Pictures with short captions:
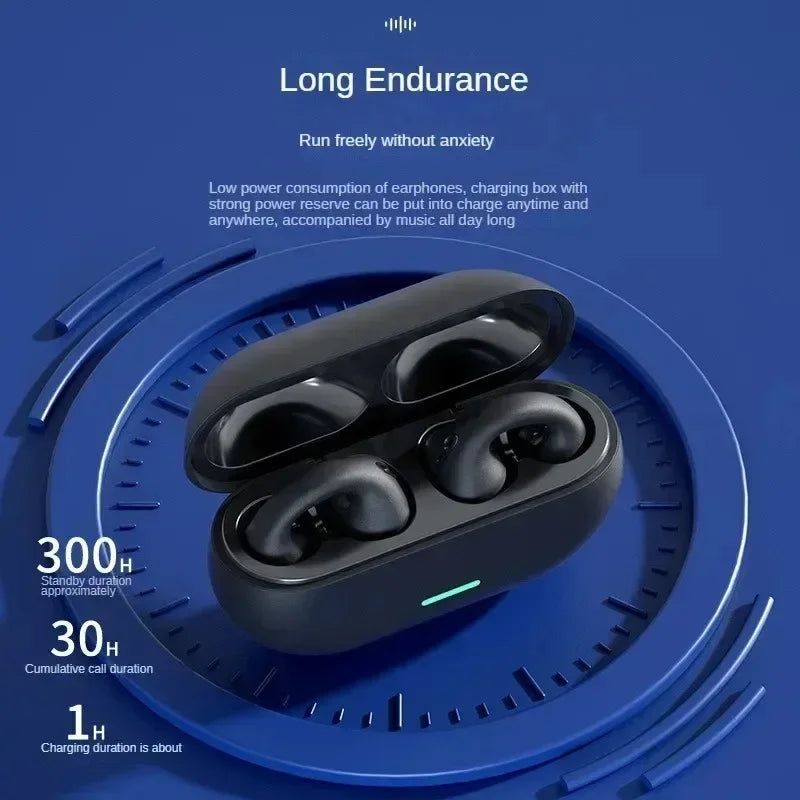 NEW T75 Wireless Bluetooth Bone Conduction Headphones Clip Ear Design Noise Canceling HD Call Sports Gaming Earbuds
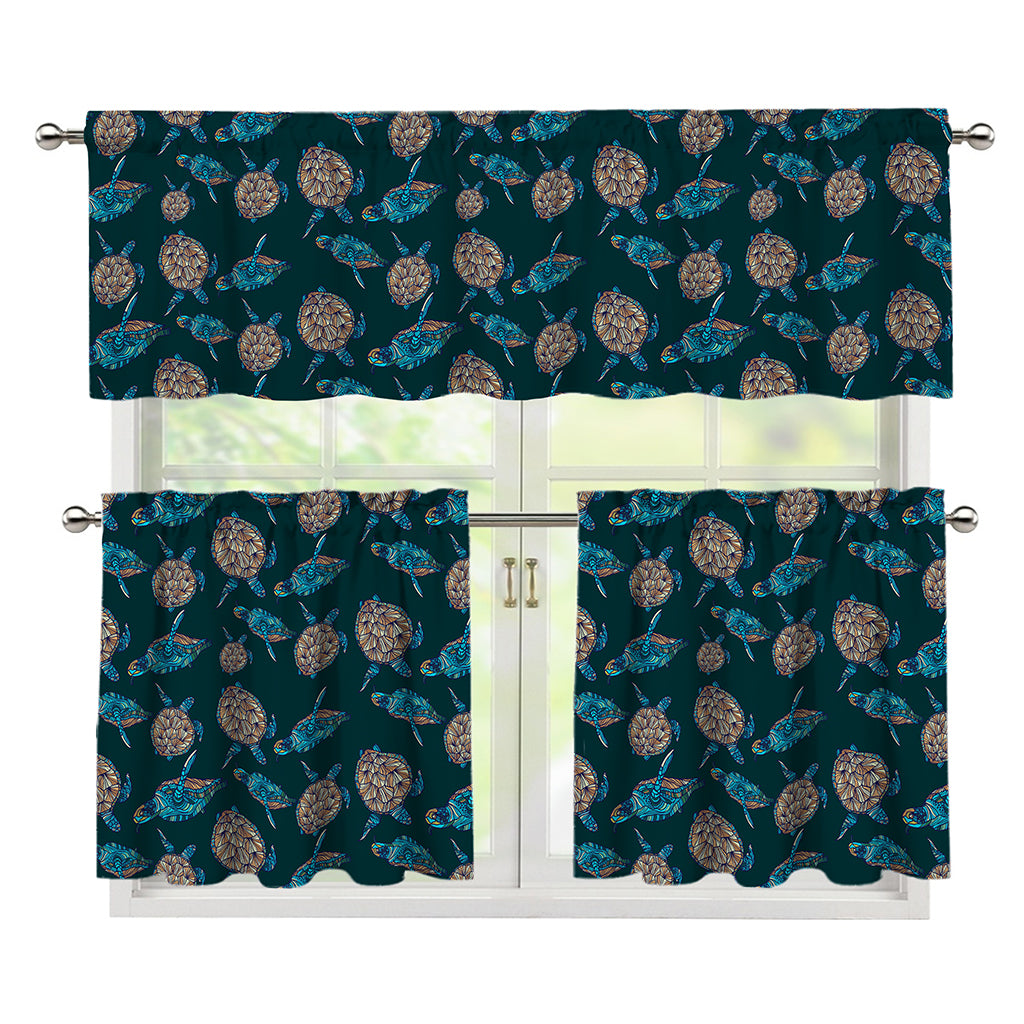 Blue Sea Turtle Pattern Print 3 Piece Kitchen Curtains
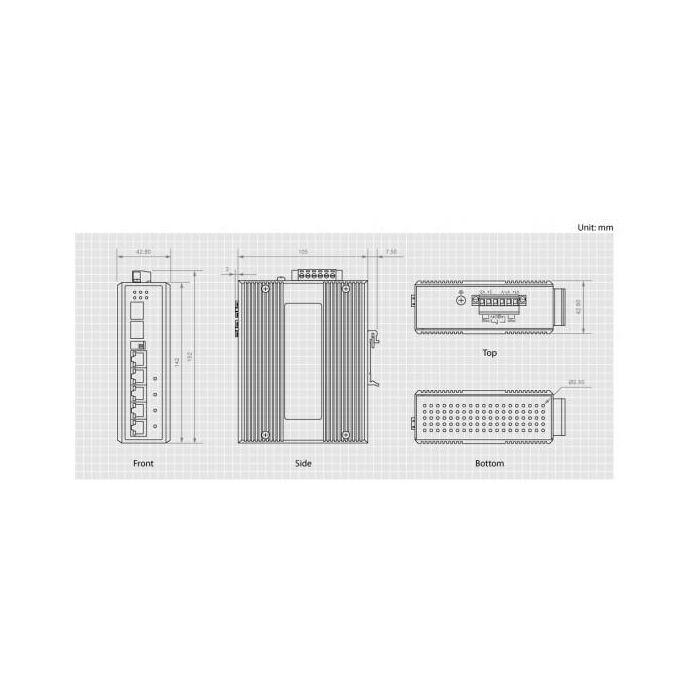 Switch 4x GE IES-0600 2xGSFP 1
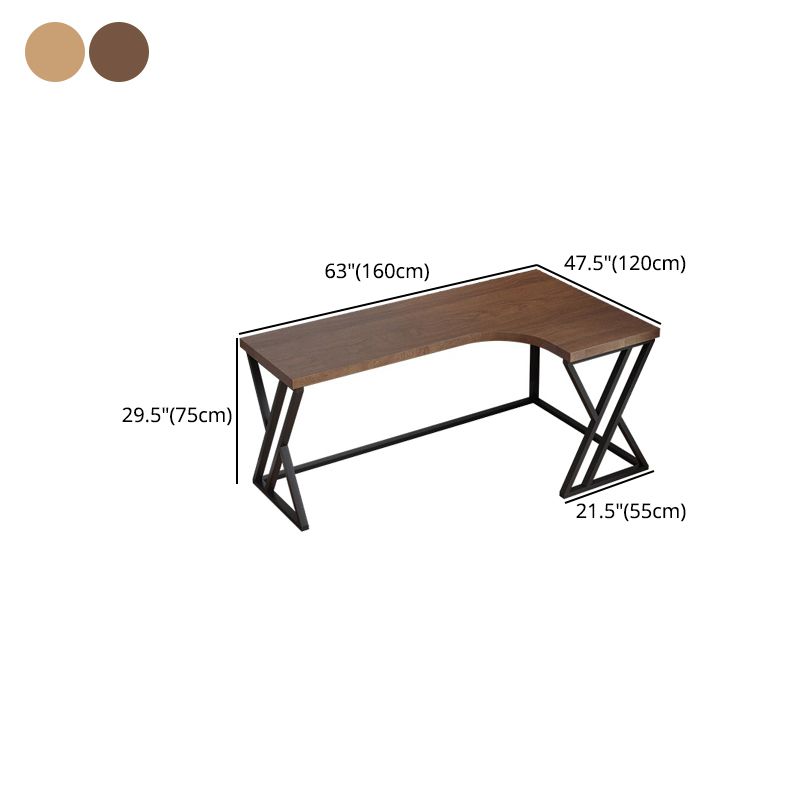 L-Shape Industrial Office Desk Solid Wood Fixed Writing Table
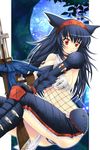  animal_ears armor asai_ichiko blue_hair breasts fishnets hairband large_breasts long_hair monster_hunter nargacuga_(armor) red_eyes sideboob solo thighhighs weapon 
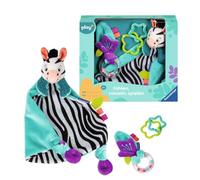 Ravensburger 4858 Play+ Sentiment, hochet, Jeu (Coffret Cadeau : zèbre), Doudou Cadeau de Naissance, baptême, Baby Shower, Stimulation des Sens, motricité Fine, pour bébé à partir de 0 Mois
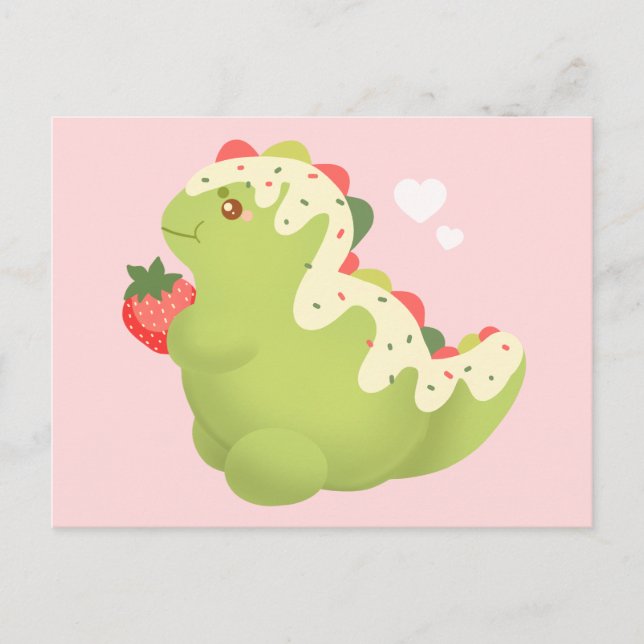 Jordgubb Matcha Dinosaurie Vykort (Framsida)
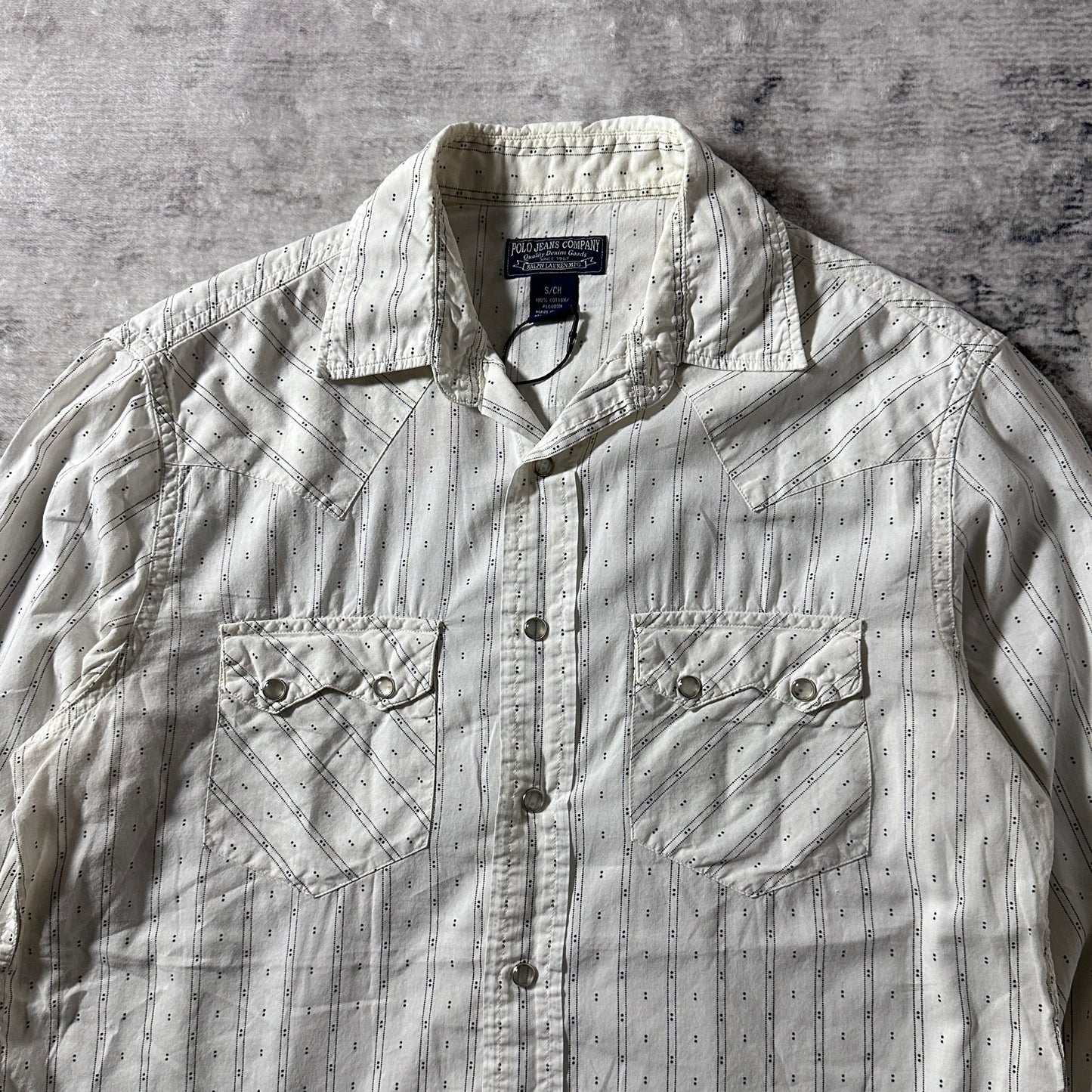 Western Shirt Polo Jeans Company Cotton White Dotted Stripe  – S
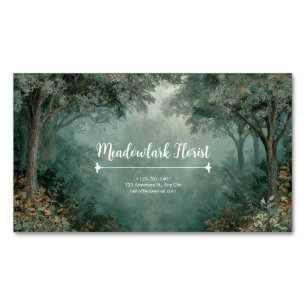 Carte De Visite Magnétique Forêt Enchantée Teinte de Teal Vert Brumeux Pictur
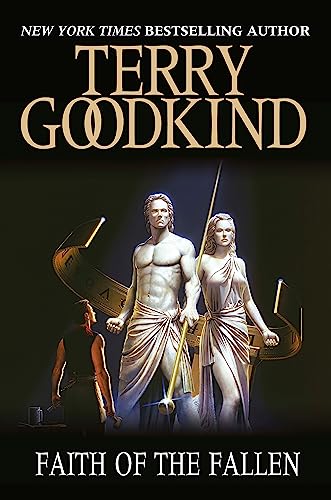Book cover showing a man looking at two large statues of a couple.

_Description of the task_. Copy every record character for character. Skip the pictures.

_Result for this exercise_.
 NEW T75 Wireless Bluetooth Bone Conduction Headphones Clip Ear Design Noise Canceling HD Call Sports Gaming Earbuds
 Blue Sea Turtle Pattern Print 3 Piece Kitchen Curtains
 Switch 4x GE IES-0600 2xGSFP 1
 L-Shape Industrial Office Desk Solid Wood Fixed Writing Table
  animal_ears armor asai_ichiko blue_hair breasts fishnets hairband large_breasts long_hair monster_hunter nargacuga_(armor) red_eyes sideboob solo thighhighs weapon 
 Ravensburger 4858 Play+ Sentiment, hochet, Jeu (Coffret Cadeau : zèbre), Doudou Cadeau de Naissance, baptême, Baby Shower, Stimulation des Sens, motricité Fine, pour bébé à partir de 0 Mois
 Jordgubb Matcha Dinosaurie Vykort (Framsida)
 Western Shirt Polo Jeans Company Cotton White Dotted Stripe  – S
 Carte De Visite Magnétique Forêt Enchantée Teinte de Teal Vert Brumeux Pictur
Book cover showing a man looking at two large statues of a couple.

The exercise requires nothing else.